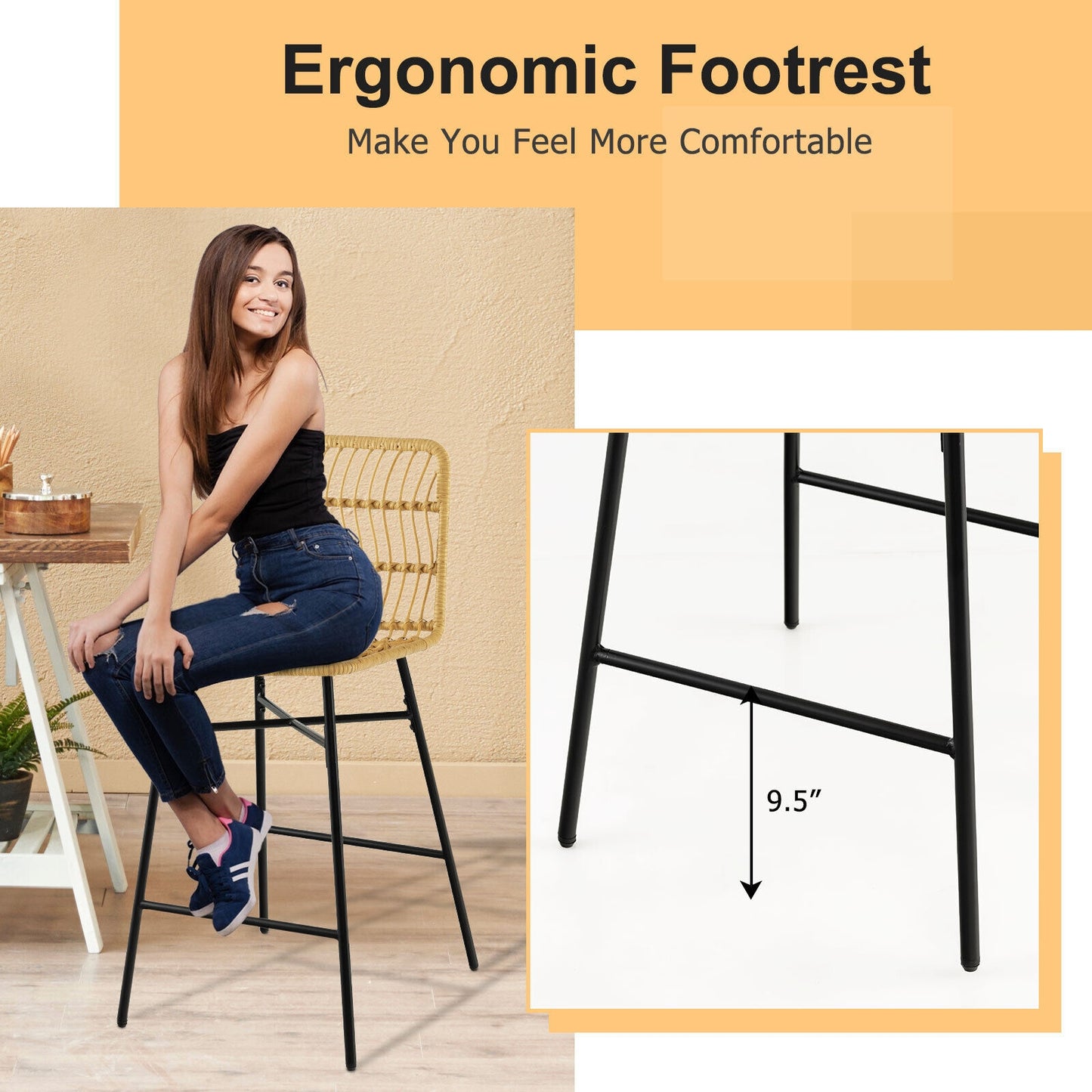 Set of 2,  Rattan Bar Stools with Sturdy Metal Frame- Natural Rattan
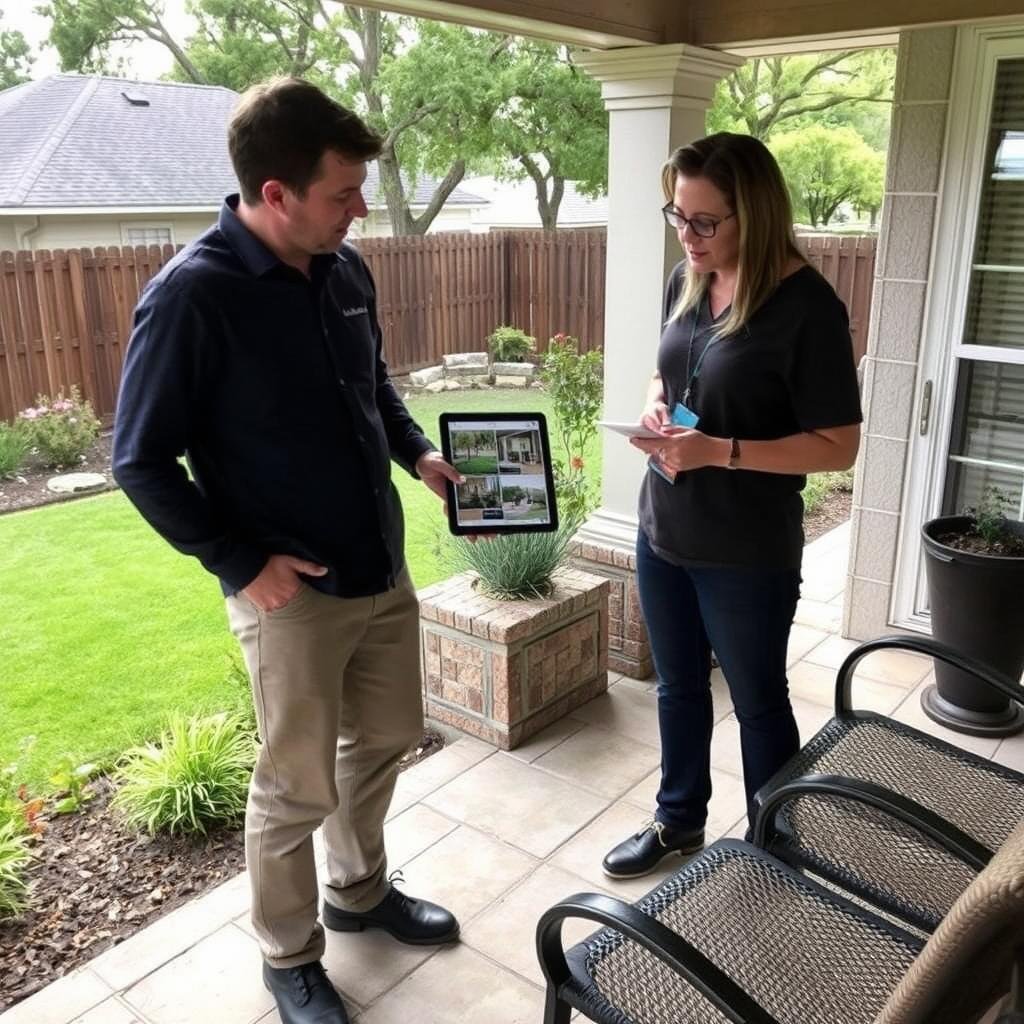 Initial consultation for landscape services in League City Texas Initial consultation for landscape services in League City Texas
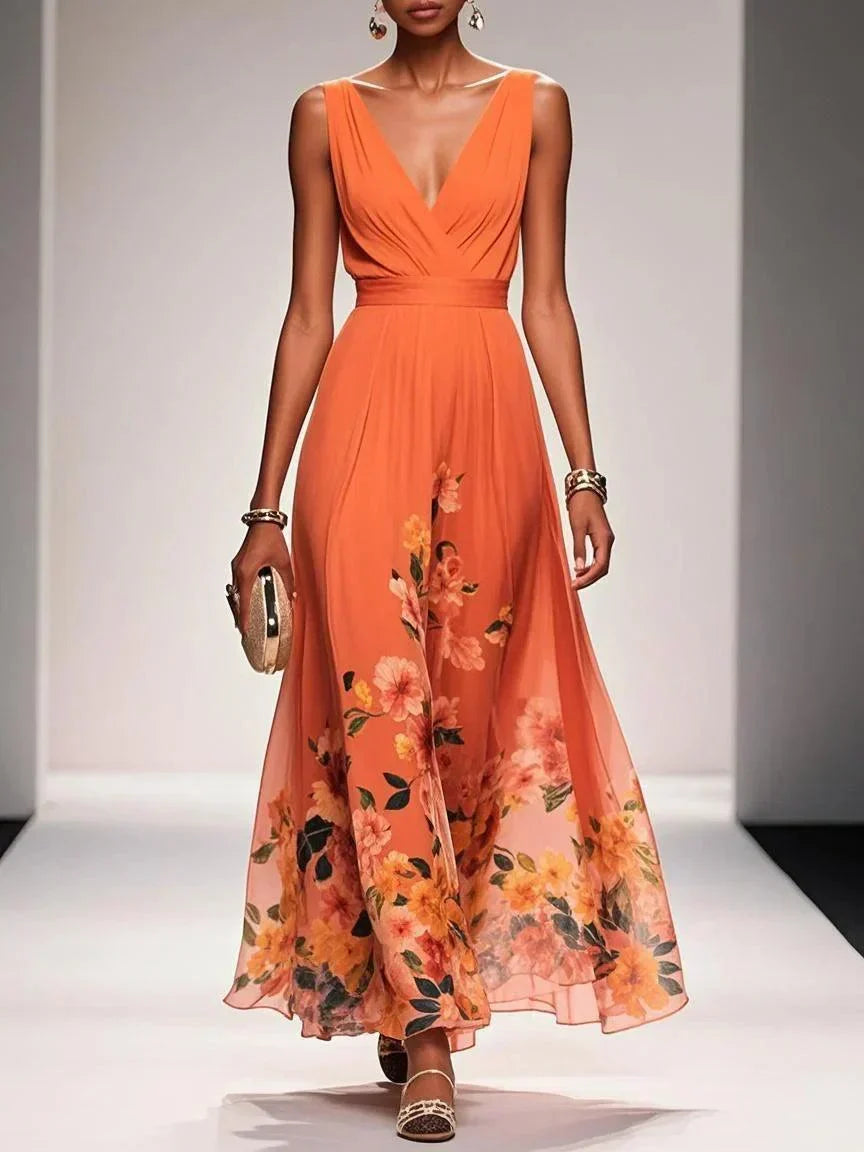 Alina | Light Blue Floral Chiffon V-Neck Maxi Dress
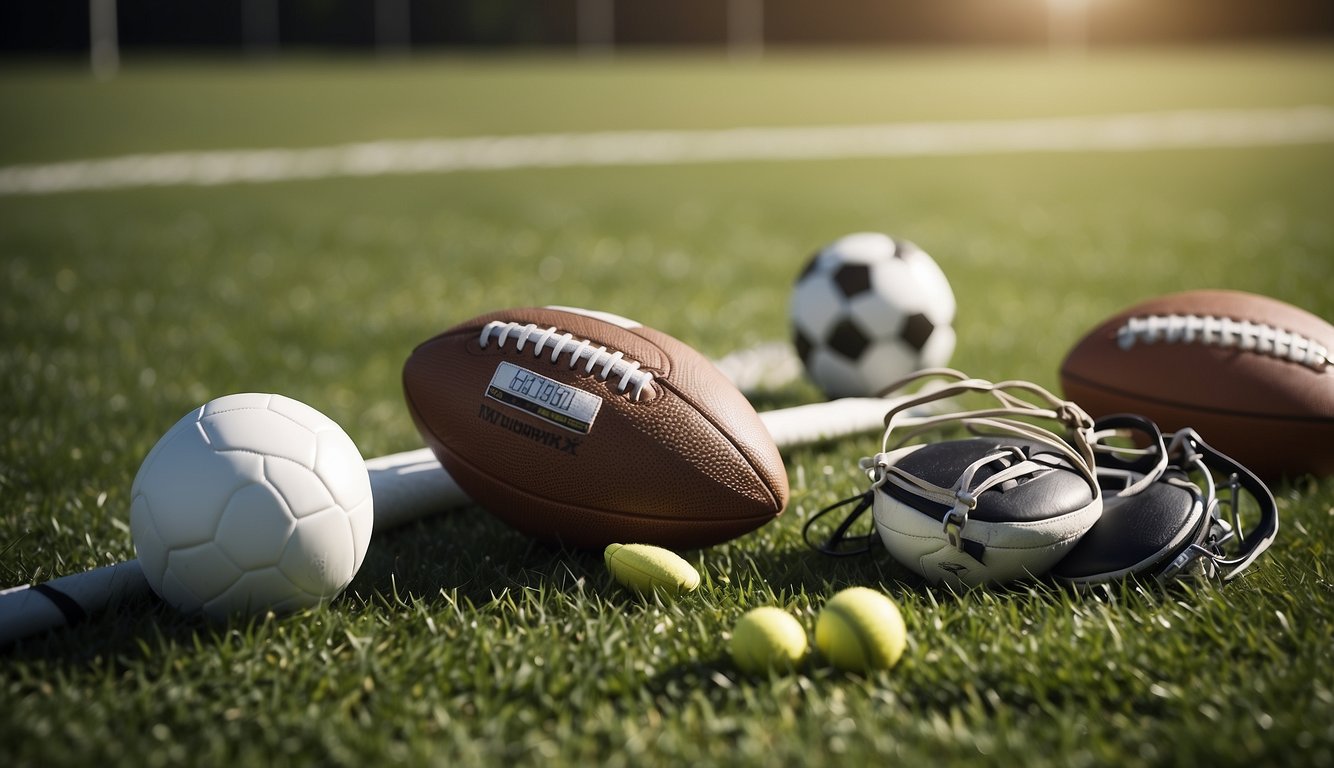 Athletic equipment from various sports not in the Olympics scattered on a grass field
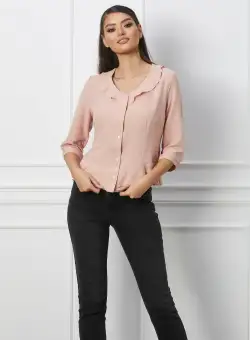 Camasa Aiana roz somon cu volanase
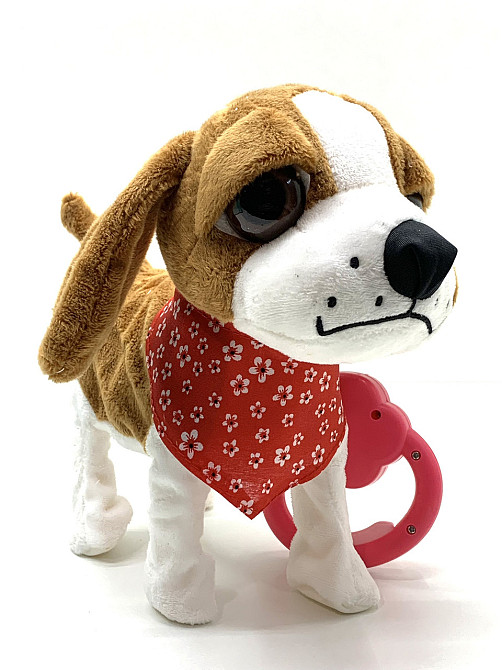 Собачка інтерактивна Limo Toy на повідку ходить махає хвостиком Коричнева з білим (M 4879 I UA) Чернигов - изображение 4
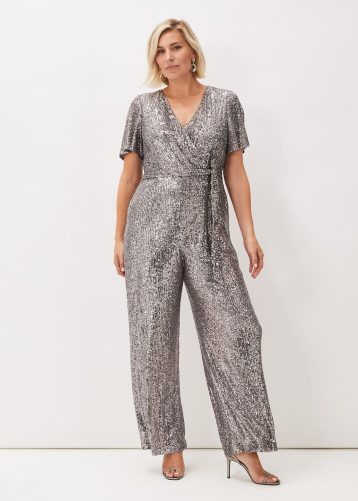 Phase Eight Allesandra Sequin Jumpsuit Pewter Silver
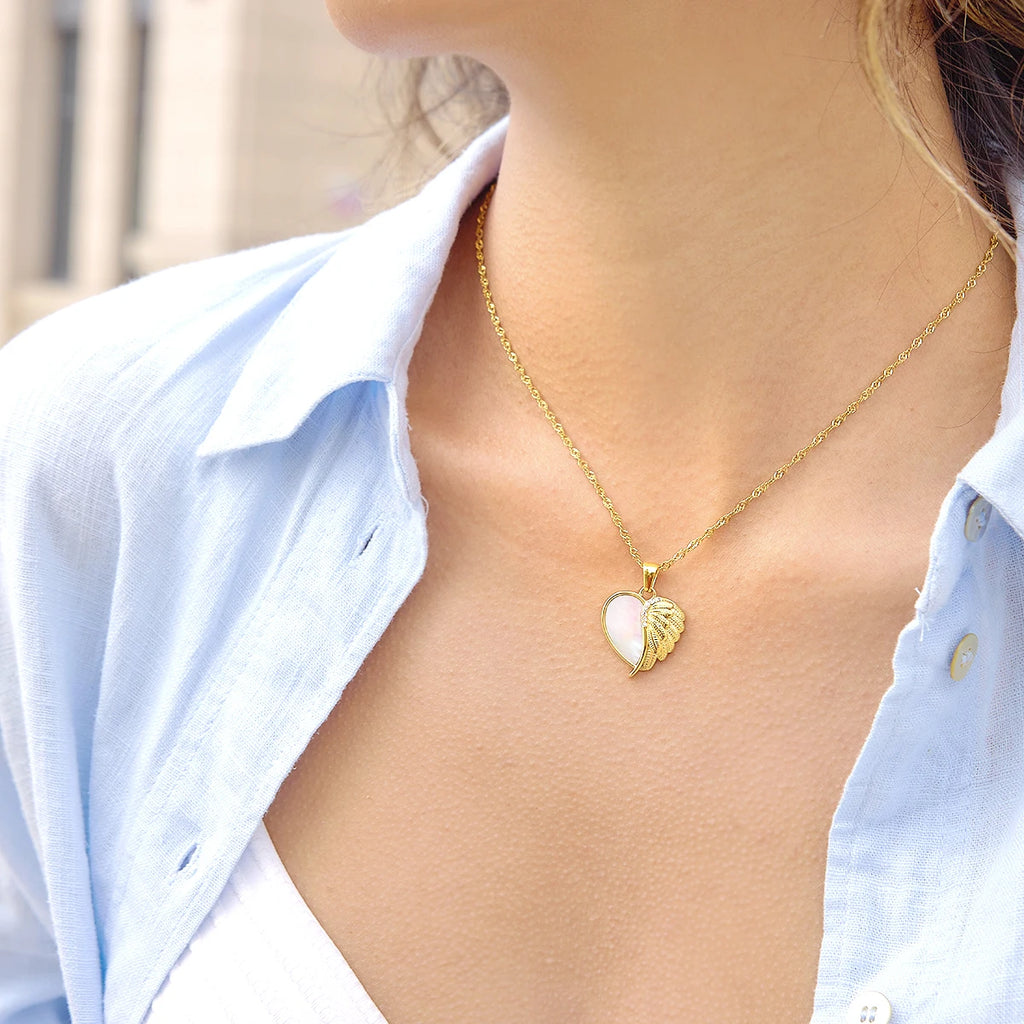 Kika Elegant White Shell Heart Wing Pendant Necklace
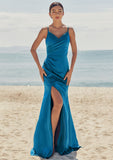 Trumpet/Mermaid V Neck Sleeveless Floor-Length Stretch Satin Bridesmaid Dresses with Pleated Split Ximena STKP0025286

## Task directions:
Without any of the pictures, reproduce the listing above exactly.

## Exercise response:
 Set of 2,  Rattan Bar Stools with Sturdy Metal Frame- Natural Rattan
 Initial consultation for landscape services in League City Texas Initial consultation for landscape services in League City Texas
 Alina | Light Blue Floral Chiffon V-Neck Maxi Dress
 Athletic equipment from various sports not in the Olympics scattered on a grass field
 Camasa Aiana roz somon cu volanase
 Собачка інтерактивна Limo Toy на повідку ходить махає хвостиком Коричнева з білим (M 4879 I UA) Чернигов - изображение 4
 Phase Eight Allesandra Sequin Jumpsuit Pewter Silver
 Kika Elegant White Shell Heart Wing Pendant Necklace
 Trumpet/Mermaid V Neck Sleeveless Floor-Length Stretch Satin Bridesmaid Dresses with Pleated Split Ximena STKP0025286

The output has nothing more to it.